# Week 5

In [2]:
import nltk  # make sure NLTK is installed and loaded

## Word Lists

Use the `nltk.corpus.words` wordlist to estimate the following for several text corpora.

In [4]:
nltk.download('words')
nltk.download('gutenberg')
from nltk.corpus import words
from nltk.corpus import gutenberg 

[nltk_data] Downloading package words to /home/goodmami/nltk_data...
[nltk_data]   Package words is already up-to-date!
[nltk_data] Downloading package gutenberg to
[nltk_data]     /home/goodmami/nltk_data...
[nltk_data]   Package gutenberg is already up-to-date!

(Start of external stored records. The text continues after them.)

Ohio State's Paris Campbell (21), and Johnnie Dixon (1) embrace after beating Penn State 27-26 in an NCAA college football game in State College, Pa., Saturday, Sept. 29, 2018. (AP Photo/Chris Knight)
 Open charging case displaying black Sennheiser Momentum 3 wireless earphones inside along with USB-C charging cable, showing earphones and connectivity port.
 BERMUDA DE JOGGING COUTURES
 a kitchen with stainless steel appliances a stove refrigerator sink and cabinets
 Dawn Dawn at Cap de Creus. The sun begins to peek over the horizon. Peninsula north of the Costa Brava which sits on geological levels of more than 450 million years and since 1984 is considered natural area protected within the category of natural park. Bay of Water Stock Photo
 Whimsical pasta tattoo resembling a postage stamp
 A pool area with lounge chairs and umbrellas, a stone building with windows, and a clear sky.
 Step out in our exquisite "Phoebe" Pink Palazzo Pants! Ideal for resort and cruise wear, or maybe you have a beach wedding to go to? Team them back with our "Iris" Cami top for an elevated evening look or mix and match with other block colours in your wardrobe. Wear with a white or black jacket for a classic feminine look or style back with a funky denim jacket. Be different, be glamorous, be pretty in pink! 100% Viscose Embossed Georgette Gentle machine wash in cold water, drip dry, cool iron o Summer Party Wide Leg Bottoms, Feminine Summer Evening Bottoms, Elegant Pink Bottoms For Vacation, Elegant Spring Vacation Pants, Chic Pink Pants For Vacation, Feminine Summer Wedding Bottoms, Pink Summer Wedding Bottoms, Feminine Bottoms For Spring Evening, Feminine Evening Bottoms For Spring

- Choose a variety of texts from the Gutenberg corpus. What percentage of the texts' vocabularies are not in the wordlist?

In [6]:
gutenberg.fileids()  # inspect available files

['austen-emma.txt',
 'austen-persuasion.txt',
 'austen-sense.txt',
 'bible-kjv.txt',
 'blake-poems.txt',
 'bryant-stories.txt',
 'burgess-busterbrown.txt',
 'carroll-alice.txt',
 'chesterton-ball.txt',
 'chesterton-brown.txt',
 'chesterton-thursday.txt',
 'edgeworth-parents.txt',
 'melville-moby_dick.txt',
 'milton-paradise.txt',
 'shakespeare-caesar.txt',
 'shakespeare-hamlet.txt',
 'shakespeare-macbeth.txt',
 'whitman-leaves.txt']

In [8]:
files = ['austen-emma.txt', 'milton-paradise.txt', 'shakespeare-macbeth.txt']  # choose some

In [10]:
WORDS = set(words.words())  # words.words() is a list; make it a set to speed up lookup
for file in files:
    # Get the list of words in the text and normalize early.
    # The isalpha() filter removes tokens like ",", but also valid words with punctuation.
    # How you normalize and filter is up to you.
    textwords = [w.lower() for w in gutenberg.words(file) if w.isalpha()]
    # Words not in the set of "known" words are often called OOV (out-of-vocabulary)
    oov = [w for w in textwords if w not in WORDS]
    print(file)
    print('  sample:', oov[:10])
    print('  percent of tokens that are unknown:', 100 * len(oov) / len(textwords))
    print('  percent of types that are unknown:', 100 * len(set(oov)) / len(set(textwords)))

austen-emma.txt
  sample: ['austen', 'seemed', 'blessings', 'years', 'youngest', 'daughters', 'died', 'caresses', 'supplied', 'years']
  percent of tokens that are unknown: 8.593440594059405
  percent of types that are unknown: 28.323209492866223
milton-paradise.txt
  sample: ['john', 'milton', 'eden', 'oreb', 'sinai', 'siloa', 'flowed', 'intends', 'aonian', 'pursues']
  percent of tokens that are unknown: 10.301516902090865
  percent of types that are unknown: 34.33983286908078
shakespeare-macbeth.txt
  sample: ['tragedie', 'macbeth', 'william', 'shakespeare', 'actus', 'scoena', 'witches', 'againe', 'raine', 'burley']
  percent of tokens that are unknown: 23.664623467600702
  percent of types that are unknown: 51.05889178996229


- What percentage of the wordlist are present in the texts?

In [12]:
for file in files:
    # Get the list of words, as before.
    textwords = [w.lower() for w in gutenberg.words(file) if w.isalpha()]
    # IV = in-vocabulary, by analogy to OOV
    iv = [w for w in textwords if w in WORDS]
    print(file)
    print('  percent of wordlist present in text:', 100 * len(set(iv)) / len(WORDS))


austen-emma.txt
  percent of wordlist present in text: 2.150984348769776
milton-paradise.txt
  percent of wordlist present in text: 2.498177131907822
shakespeare-macbeth.txt
  percent of wordlist present in text: 0.7151577840706764


## CMU Pronouncing Dictionary

Use the ARPABET transcriptions in the `nltk.corpus.cmudict` corpus to investigate sound patterns.

In [14]:
nltk.download('cmudict')
from nltk.corpus import cmudict

[nltk_data] Downloading package cmudict to /home/goodmami/nltk_data...
[nltk_data]   Package cmudict is already up-to-date!


In [16]:
cmu = cmudict.dict()
cmu['pronounce']

[['P', 'R', 'AH0', 'N', 'AW1', 'N', 'S']]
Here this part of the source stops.